Deshpande feels bringing crypto earnings under the purview of tax would be a welcome step.
“Considering the volumes being traded on a daily basis, clear tax regulations from the Income Tax as well as the GST perspective would only help the government generate more revenue in an ever-growing market,” she says.
The document also suggests that investors in the crypto industry could be enabled to claim dividends from the same with reasonable security policies such as pan card linkage and a minimum income.
Most importantly, BuyUCoin talks about the need for inclusion of cryptocurrencies in the Reserve Bank of India’s (RBI) Regulatory Sandbox. A regulatory sandbox is a scheme adopted in many countries to test emergent technologies with less stringent regulations and hence, the environment is more conducive for innovation.
Such an environment allows innovators to test their products and technologies, gain an understanding of their real-world implications and accordingly tweak their product before launching it on a larger scale.
In 2018, the RBI constituted a regulatory sandbox for fintech innovations, but banned cryptocurrencies for the same. Crypto industry experts and stakeholders have been urging the government to allow cryptocurrencies to work within the sandbox, which is a virtual space.
One of the anticipated benefits of opening the RBI sandbox to crypto-led innovations is that it would help widen the government’s understanding of cryptocurrencies. By showing that there are more positive than negative use cases of cryptocurrencies in India, the industry might just be able to convince the government to bring in regulation for good.
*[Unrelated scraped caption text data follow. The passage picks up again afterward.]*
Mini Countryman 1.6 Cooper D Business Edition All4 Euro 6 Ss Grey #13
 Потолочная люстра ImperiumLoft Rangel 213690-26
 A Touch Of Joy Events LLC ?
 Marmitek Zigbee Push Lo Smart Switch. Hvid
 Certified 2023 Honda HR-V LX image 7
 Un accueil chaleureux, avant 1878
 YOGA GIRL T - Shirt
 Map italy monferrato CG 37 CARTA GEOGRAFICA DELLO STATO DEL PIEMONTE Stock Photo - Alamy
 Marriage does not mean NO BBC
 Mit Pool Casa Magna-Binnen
Last month, Sagar Sarbhai, the head of regulatory relations at Ripple, a global payments company that utilises blockchain technology, also told Inc42 about the need for opening up the sandbox for crypto-based technologies on a case-by-case basis.
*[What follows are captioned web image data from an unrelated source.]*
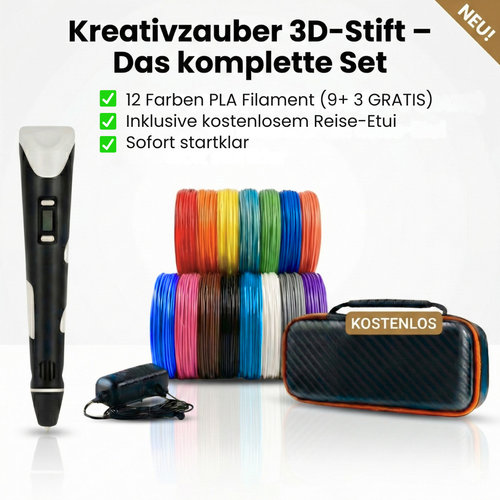Kreativzauber 3D-Stift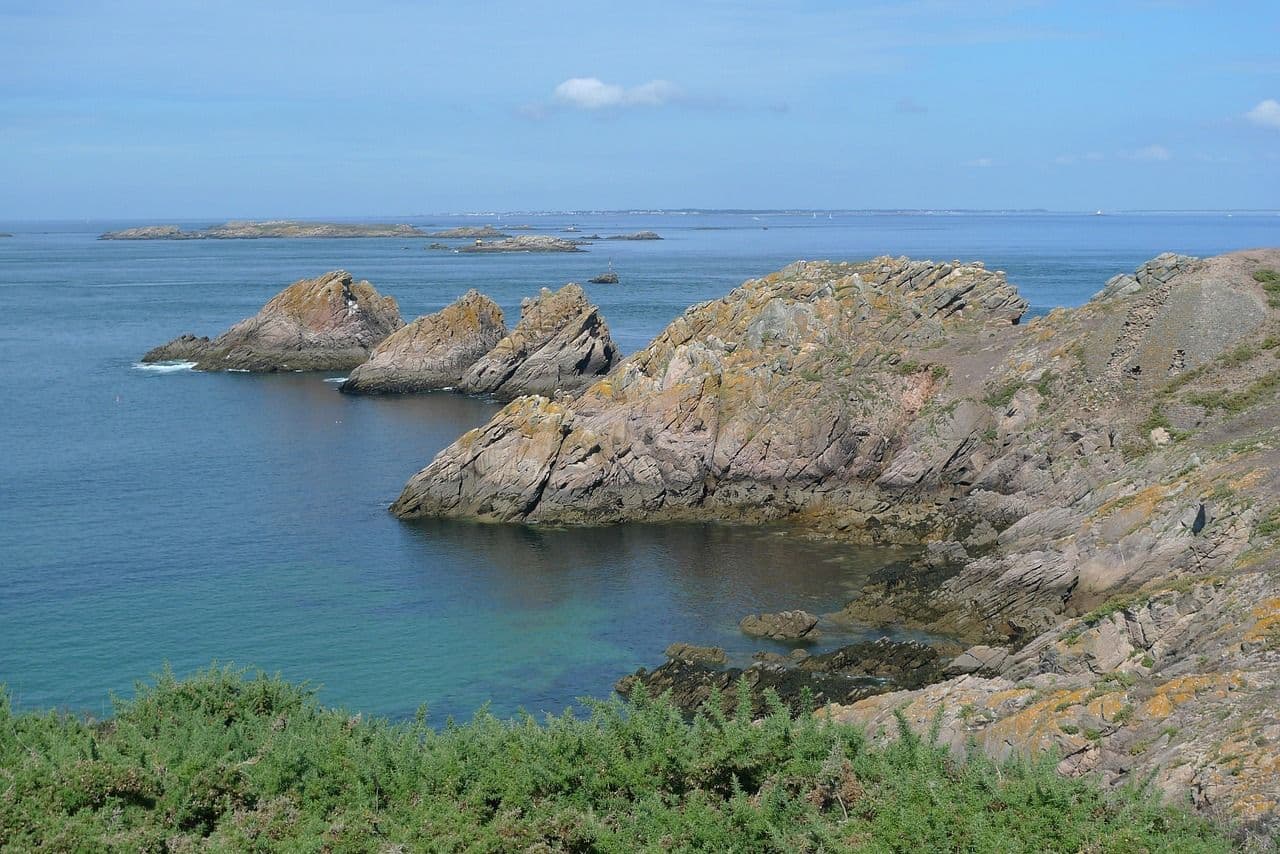 The Isles of Morbihan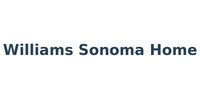 Williams Sonoma Home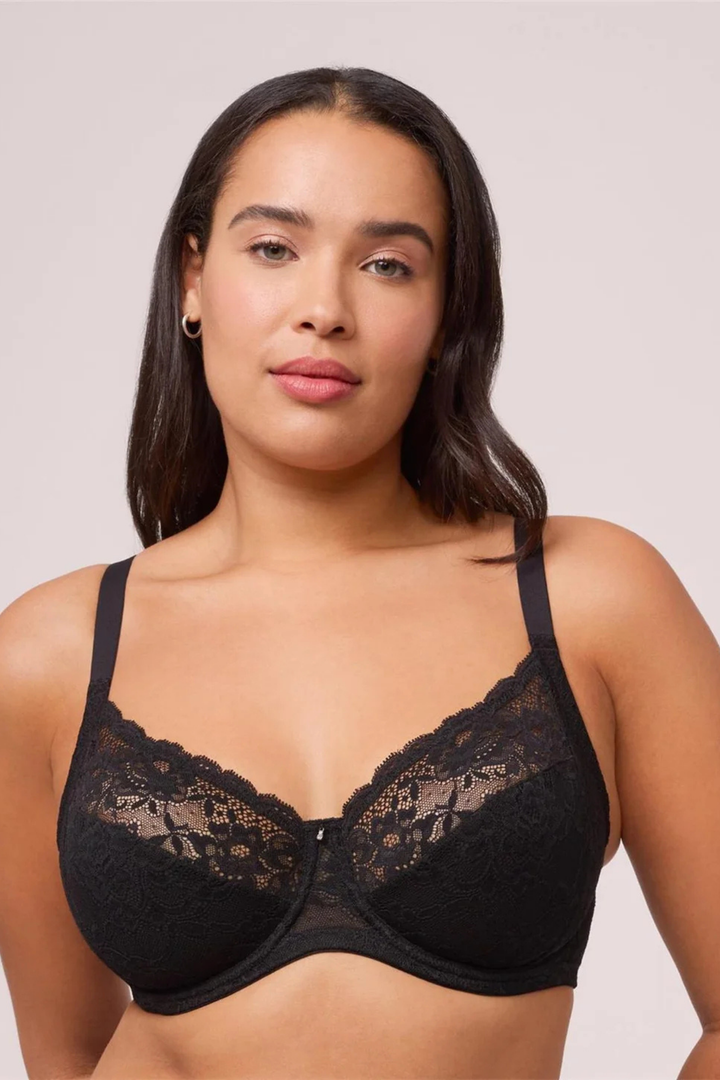 Montelle - Muse Full Cup Lace Bra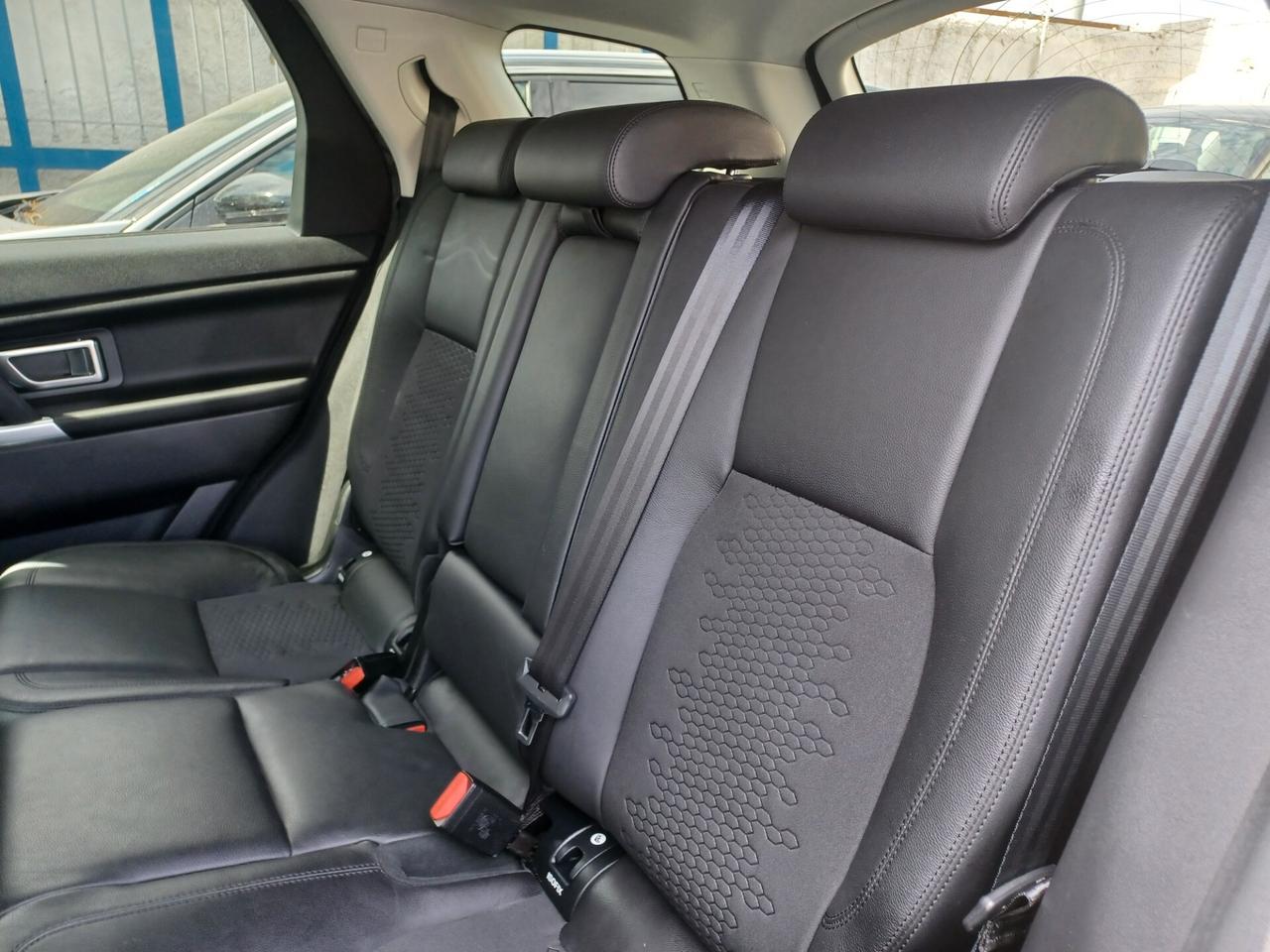 Land Rover Discovery Sport 2.0 TD4 150 CV SE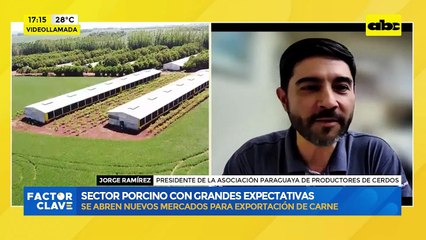 Video: Exportación de carne porcina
It is worth noting that BuyUCoin’s draft document has been prepared after numerous consultations with Indian crypto industry stakeholders. Inc42 has learnt that the India chapter of the Government Blockchain Association (GBA) has partnered with BuyUCoin, and would take the suggestions mentioned in the draft document to relevant government agencies in the country. The GBA is an international nonprofit association which promotes blockchain technology solutions to governments all over the world.
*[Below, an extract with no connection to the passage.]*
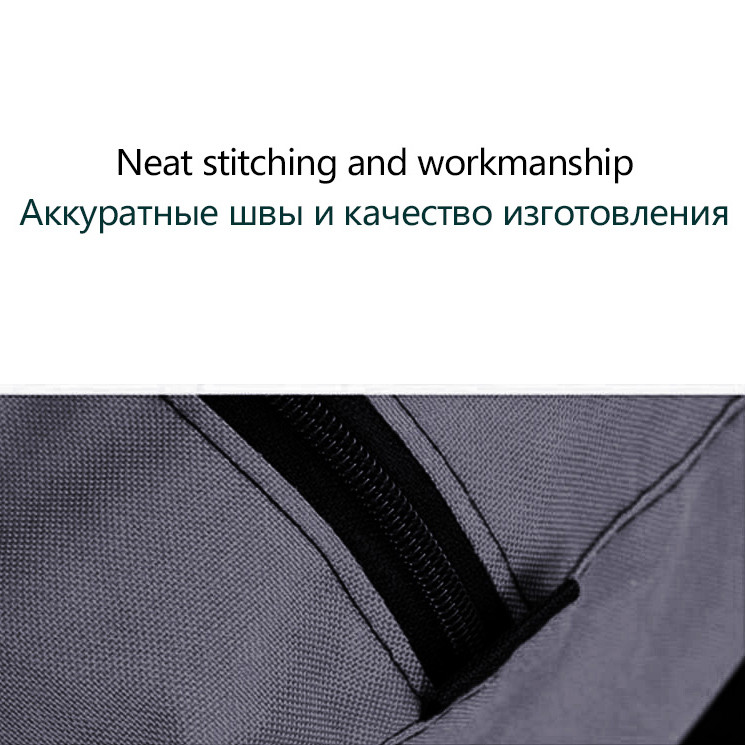 Oxford Travel Packing Cubes Big Bag Sklopiva vodootporna torba T730 Putna prtljaga velikog kapaciteta Ručna torba Prijenosne putne torbe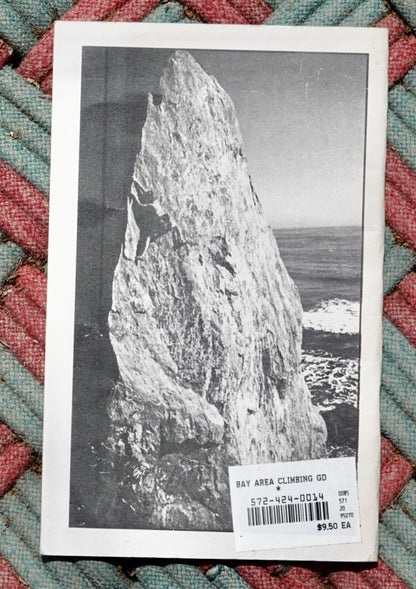 Bay Area Rock by Jim Thornburg (1992)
As for BuyUCoin, the crypto exchange won’t stop here. In a whitepaper, it has proposed the launch of a sandbox, where crypto-based technologies can be tested. The crypto exchange feels that an open-source sandbox API (application programming interface) holds the key to solving transactional anonymity and KYC/AML concerns of regulatory bodies, as these concerns have long been a thorn in the side of the crypto industry in India.
At the time of writing, Bitcoin was trading at $10,707, a 0.7% fall from last week’s price of $10,748. Its market cap was $198 Bn.
Ethereum was trading $345.91, registering a 3.39% decline from last week’s price of $357. Its market cap was $39 Bn.